The Sania Mirza-Shoaib Malik affair has brought back memories of another Indo-Pakistan wedding that happened over half-a-century ago in England.
Zainab (name changed) was an unusually bright student from a small central Indian town who was encouraged to pursue higher studies in England. As expected, she excelled at the university and also found her soulmate in a fellow student – a Pakistani.
The two got married and after some years her husband decided to move back to Pakistan with their children. Zainab had to give up her Indian nationality. Few years later, Zainab and her husband parted ways. Zainab’s husband decided to relocate to another country, and she back to India.
Zainab had little idea how difficult it would be for her to regain her blue passport (I am sure it is true about green passports as well). She ran from pillar-to-post (her hometown to New Delhi); met all the right people (some of whom were in positions of power and were known to her family) but nothing worked.
She continued to make several trips to India over a period of 10 years (by now she had touched 50), but all her efforts proved futile. She argued with Indian authorities that she had no family in Pakistan (as her children had opted to stay abroad) and that she was old and wanted to be back where her roots were.

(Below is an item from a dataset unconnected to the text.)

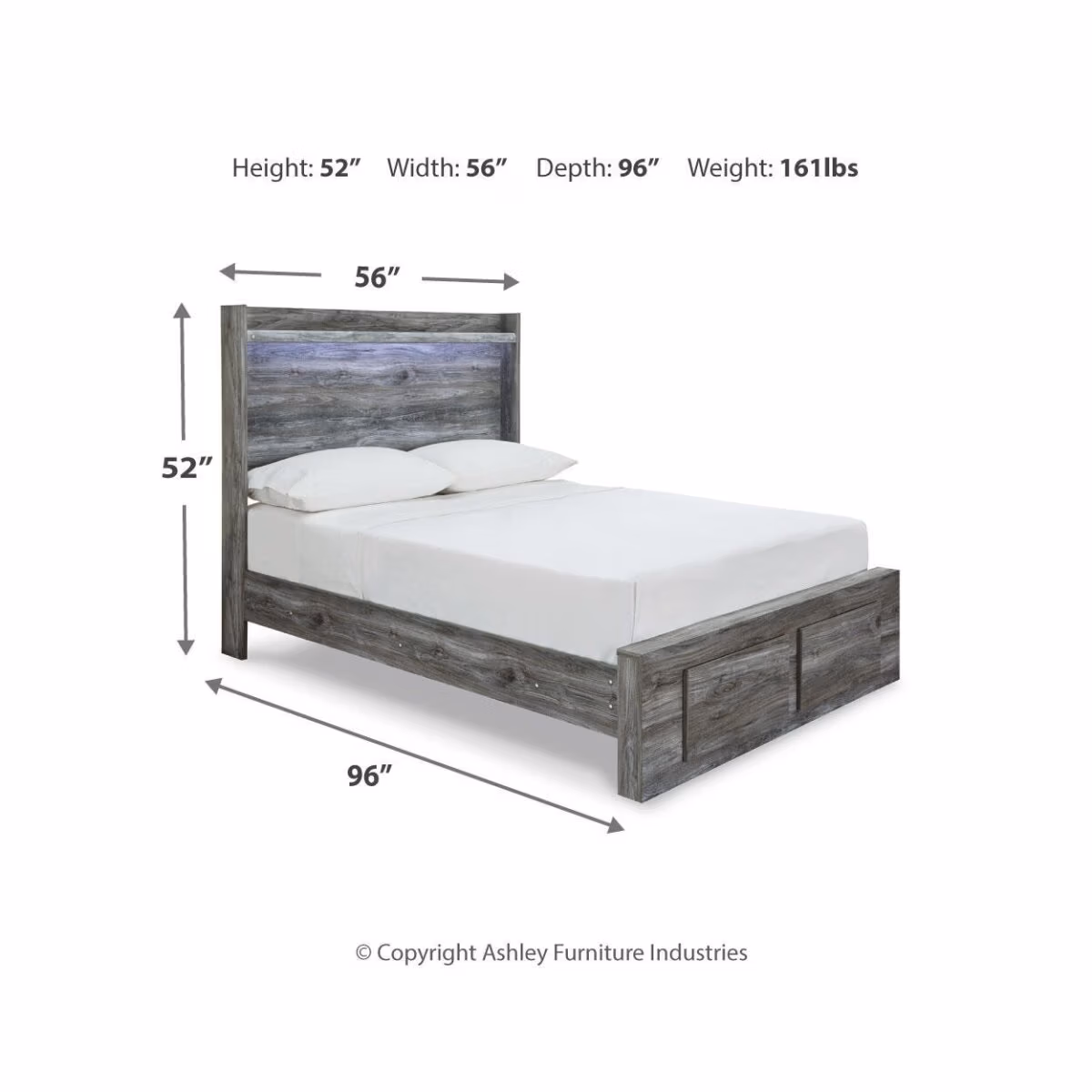 Baystorm Full Storage Bed, Dresser, Mirror and Nightstand - Image 6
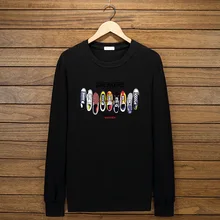 Осенняя Мужская хлопковая футболка 10XL с длинными рукавами, большие размеры, распродажа 6XL 7XL, футболка с принтом, хипстерские зимние дешевые мужские темно-синие Черные футболки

On one of her trips to India she overstayed, hoping to see them bend rules for a woman who was now in her sixties, and quite harmless. The cops from the local thana came and harassed her, called her names and tried to stop her from doing the odd things (this would bring tears to anyone’s eyes) to sustain herself. She pleaded that she had no one to go back to, she didn’t have anyone to take care of her, and obviously none to bury her when she is gone – but nothing moved them.

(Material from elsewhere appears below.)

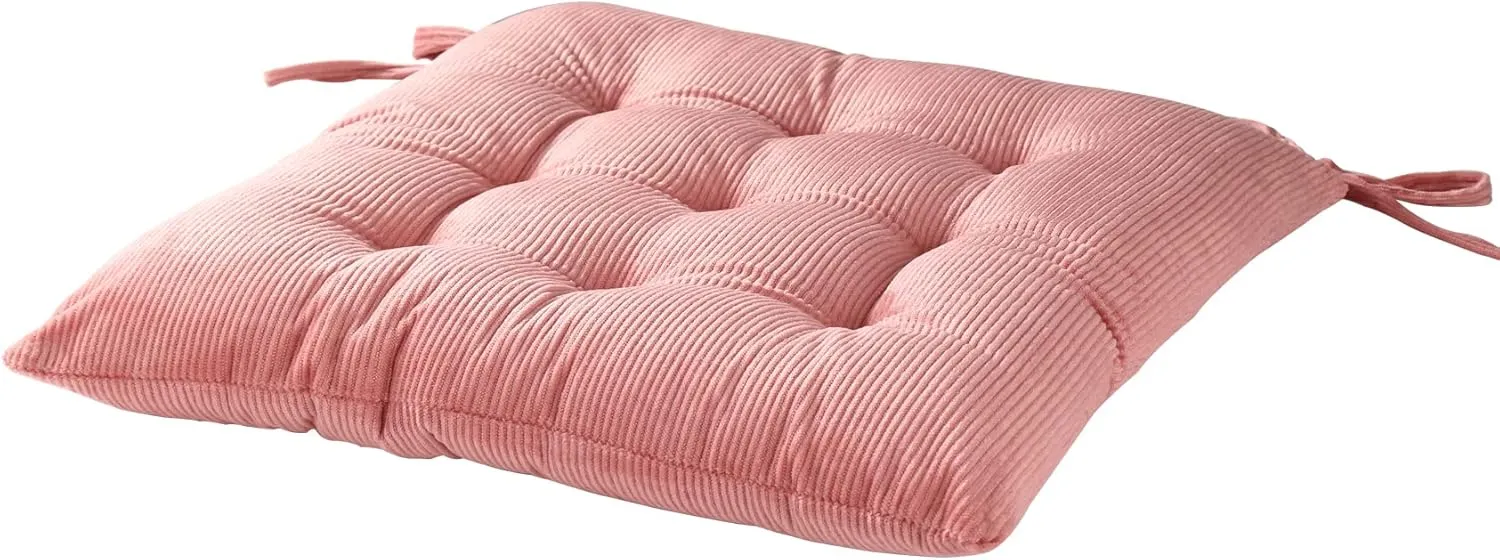HLOVME Corduroy Chair Cushion with Ties Ultra Soft Warm Floor Cushion for Kids Reading Nook Comfortable Square Seat Cushion for Adult 15.7”x15.7” Set of 2, Cosmos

Zainab and I come from the same small town, where she is like folklore. I have had the honour of meeting Zainab a couple of times. I have heard her stories, seen copies of letters sent to people who mattered, and, of course, her tears.
I saw her giving her best shot till they decided to throw her out. Her departure reminded me of the time when she corrected me in her impeccable English, “It’s ‘may I take my leave’ and not ‘may I take your leave’ – because you are leaving, I am not!” I thought to myself “she is taking my leave”.

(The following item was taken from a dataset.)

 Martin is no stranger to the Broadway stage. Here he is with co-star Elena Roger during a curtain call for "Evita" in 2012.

Ever since she has been living in Pakistan – trying to make a living. Trying to forget the country of her birth.
After several years, I spoke to Zainab today. I wasn’t sure if she’d recognize me, but she did. “Of course, I know you,” she said, when I phoned her, surprised that I was in Pakistan. "I asked her how she was. “What do you expect of a 80-year-old?” she chuckled. She said she hadn’t been to India in years. “I don’t have anyone to go back to.”
I told her I’ll come and see her, that I’d take her to India and that she could stay with me.
“Please do that,” she said. I asked her if there was anything I could do for her in Pakistan, and she replied, “I’ll call you when I get lonely.”